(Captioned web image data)
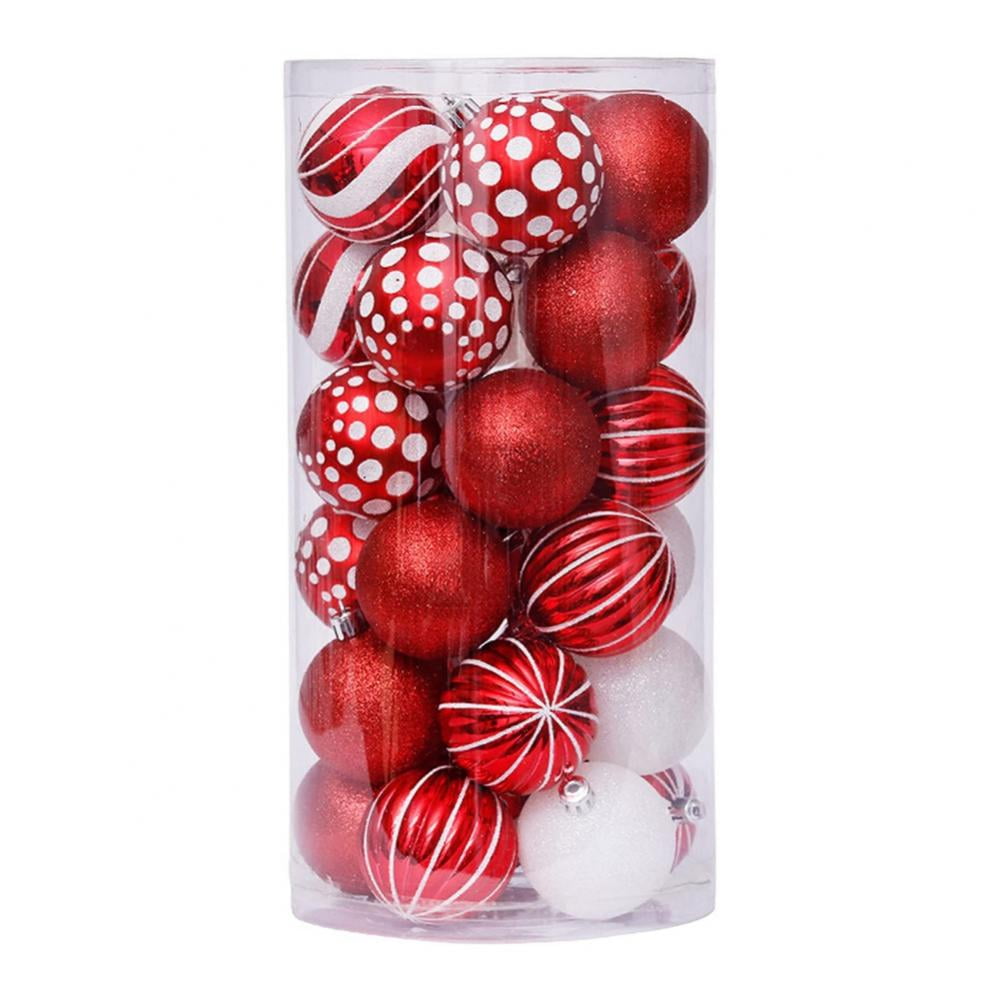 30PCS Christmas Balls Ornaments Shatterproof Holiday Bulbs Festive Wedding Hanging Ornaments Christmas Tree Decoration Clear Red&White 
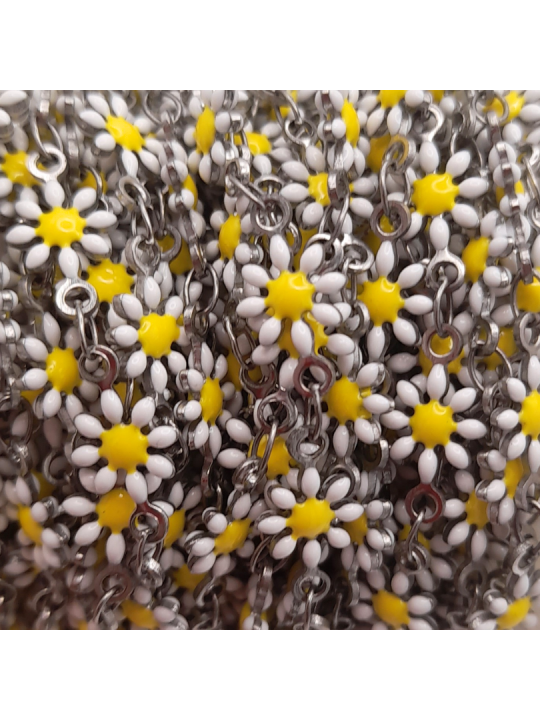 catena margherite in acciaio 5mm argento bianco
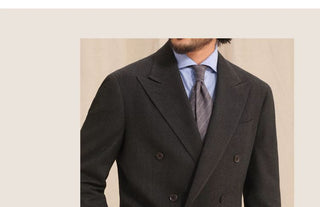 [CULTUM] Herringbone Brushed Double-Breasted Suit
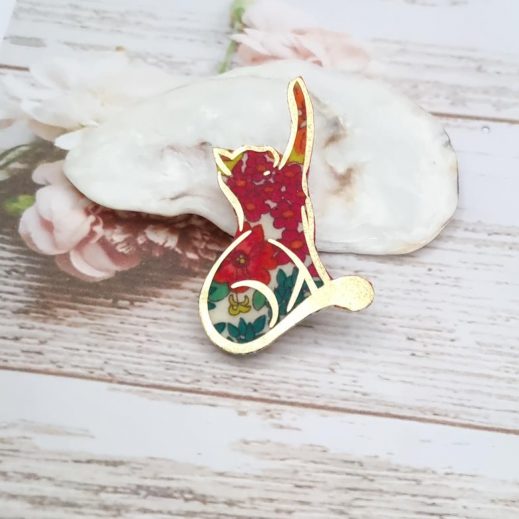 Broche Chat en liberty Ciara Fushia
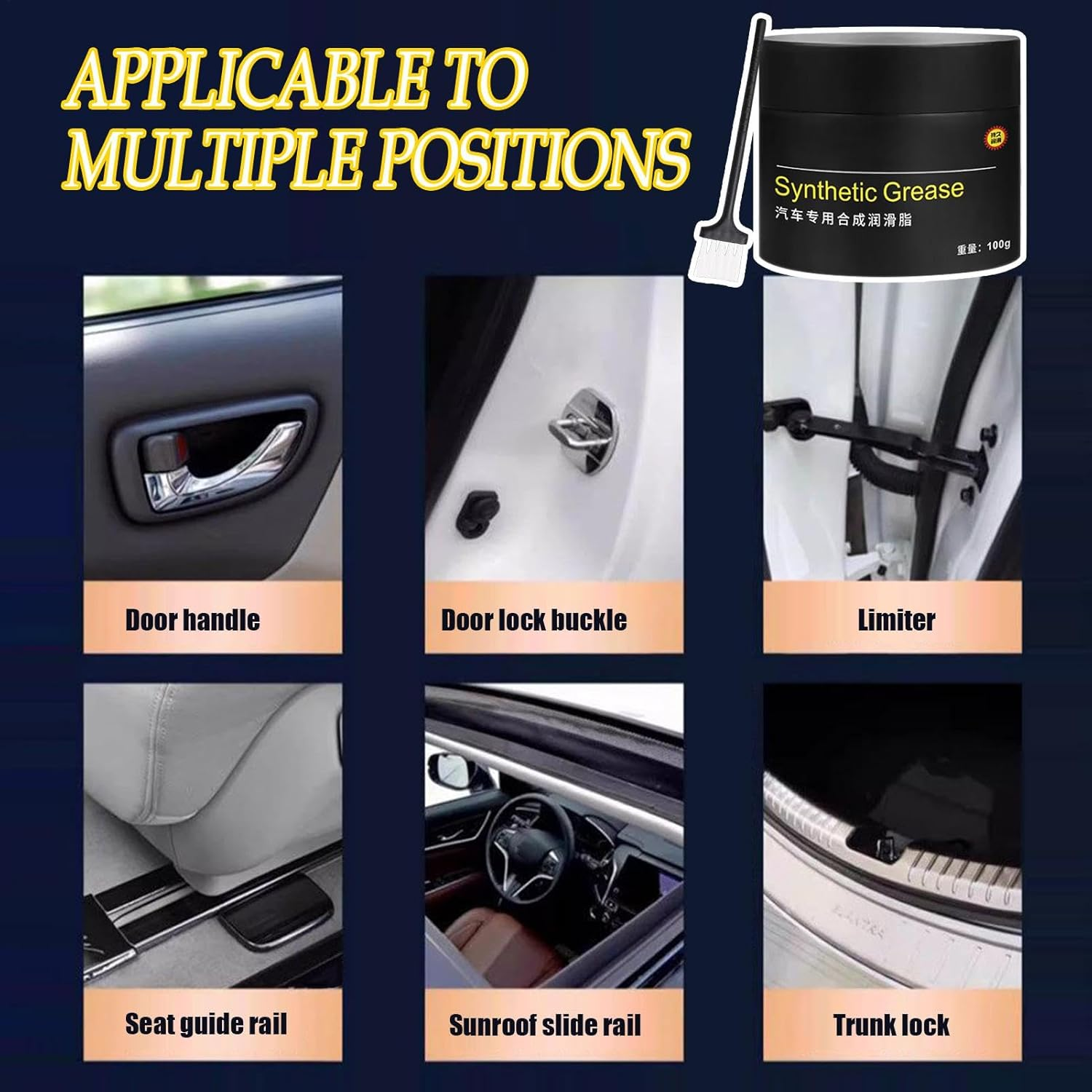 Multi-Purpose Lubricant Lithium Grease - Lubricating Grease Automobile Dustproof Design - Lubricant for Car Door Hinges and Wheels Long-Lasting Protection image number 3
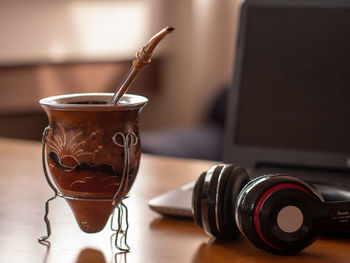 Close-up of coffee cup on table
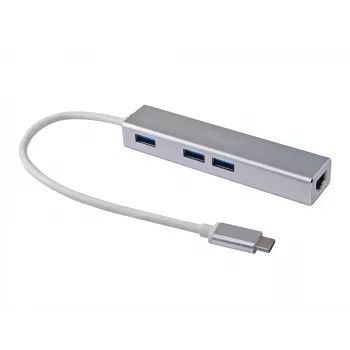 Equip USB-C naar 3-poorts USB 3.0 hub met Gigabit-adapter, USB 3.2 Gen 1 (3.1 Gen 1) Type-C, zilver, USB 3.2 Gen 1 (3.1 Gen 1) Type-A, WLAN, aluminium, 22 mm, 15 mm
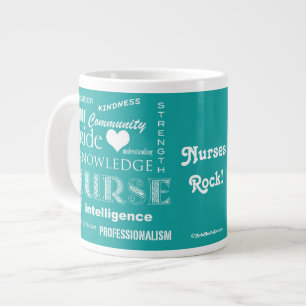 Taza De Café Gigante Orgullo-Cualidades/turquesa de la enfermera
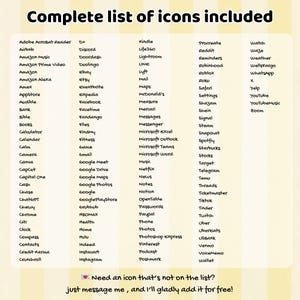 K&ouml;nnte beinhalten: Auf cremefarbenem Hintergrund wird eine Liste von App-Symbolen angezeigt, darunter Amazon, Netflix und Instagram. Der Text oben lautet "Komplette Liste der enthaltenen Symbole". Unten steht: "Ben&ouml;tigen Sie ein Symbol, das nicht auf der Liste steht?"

◆ WHAT TO PRODUCE ◆
Leave the images aside and return the records above exactly as written.

◆ TASK OUTPUT ◆
 30PCS Christmas Balls Ornaments Shatterproof Holiday Bulbs Festive Wedding Hanging Ornaments Christmas Tree Decoration Clear Red&White 
 catena margherite in acciaio 5mm argento bianco
 [CULTUM] Herringbone Brushed Double-Breasted Suit
 Broche Chat en liberty Ciara Fushia
 Multi-Purpose Lubricant Lithium Grease - Lubricating Grease Automobile Dustproof Design - Lubricant for Car Door Hinges and Wheels Long-Lasting Protection image number 3
 Close-up of coffee cup on table
 Equip USB-C naar 3-poorts USB 3.0 hub met Gigabit-adapter, USB 3.2 Gen 1 (3.1 Gen 1) Type-C, zilver, USB 3.2 Gen 1 (3.1 Gen 1) Type-A, WLAN, aluminium, 22 mm, 15 mm
 Taza De Café Gigante Orgullo-Cualidades/turquesa de la enfermera
 K&ouml;nnte beinhalten: Auf cremefarbenem Hintergrund wird eine Liste von App-Symbolen angezeigt, darunter Amazon, Netflix und Instagram. Der Text oben lautet "Komplette Liste der enthaltenen Symbole". Unten steht: "Ben&ouml;tigen Sie ein Symbol, das nicht auf der Liste steht?"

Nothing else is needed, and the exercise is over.